What this task involves: For the entries below, repeat exactly each line starting with the one that contains "Experience Jakarta Street" and going on through the one that contains "Lamborghini Gallardo spotted", and no others.

Data for this task:
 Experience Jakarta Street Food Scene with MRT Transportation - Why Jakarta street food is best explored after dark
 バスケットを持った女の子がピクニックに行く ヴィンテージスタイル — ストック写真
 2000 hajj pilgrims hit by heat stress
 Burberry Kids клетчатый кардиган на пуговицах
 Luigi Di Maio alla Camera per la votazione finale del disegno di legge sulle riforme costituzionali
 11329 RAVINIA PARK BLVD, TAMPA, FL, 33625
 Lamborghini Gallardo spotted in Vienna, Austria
==
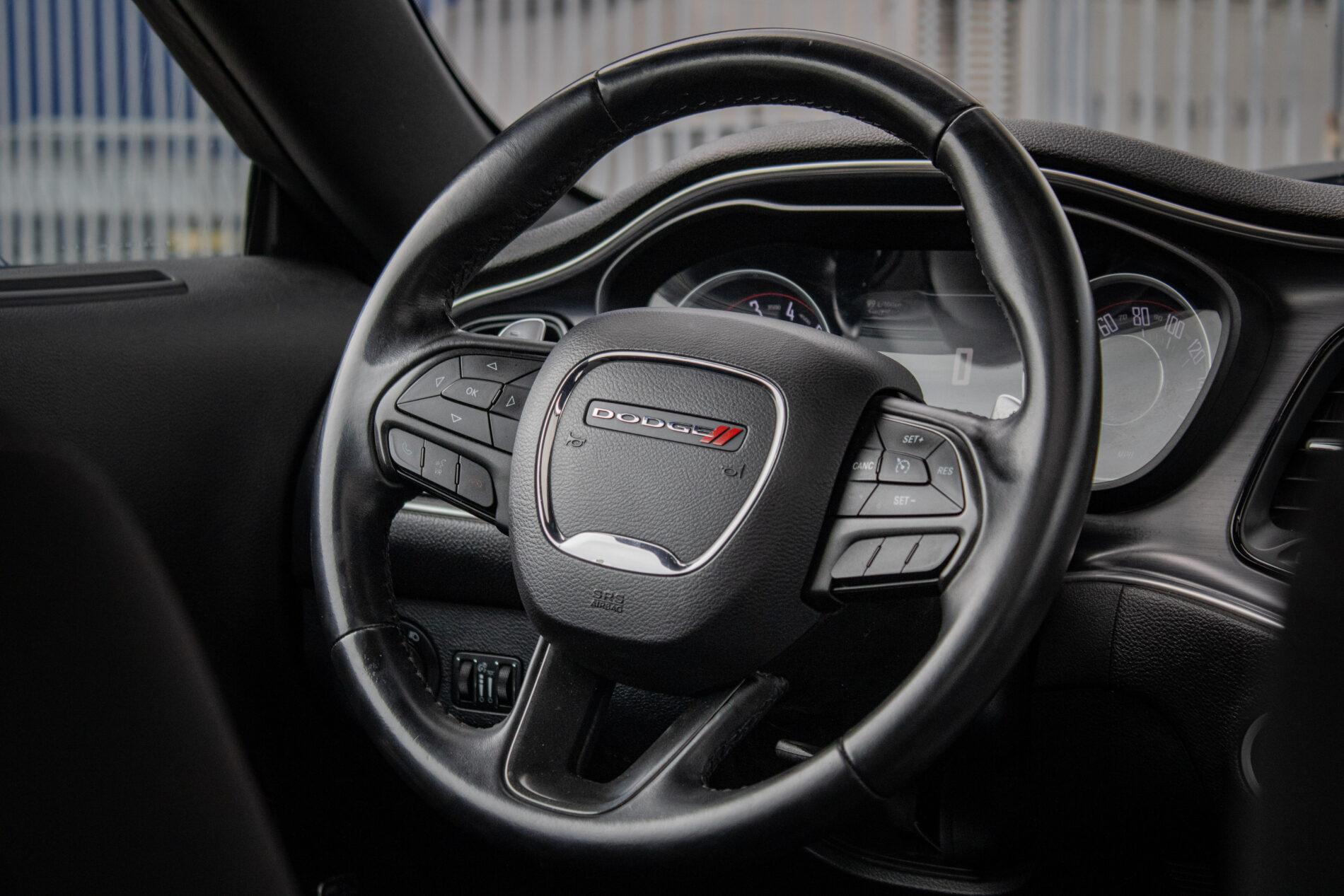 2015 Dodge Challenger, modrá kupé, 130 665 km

Answer space:
 Experience Jakarta Street Food Scene with MRT Transportation - Why Jakarta street food is best explored after dark
 バスケットを持った女の子がピクニックに行く ヴィンテージスタイル — ストック写真
 2000 hajj pilgrims hit by heat stress
 Burberry Kids клетчатый кардиган на пуговицах
 Luigi Di Maio alla Camera per la votazione finale del disegno di legge sulle riforme costituzionali
 11329 RAVINIA PARK BLVD, TAMPA, FL, 33625
 Lamborghini Gallardo spotted in Vienna, Austria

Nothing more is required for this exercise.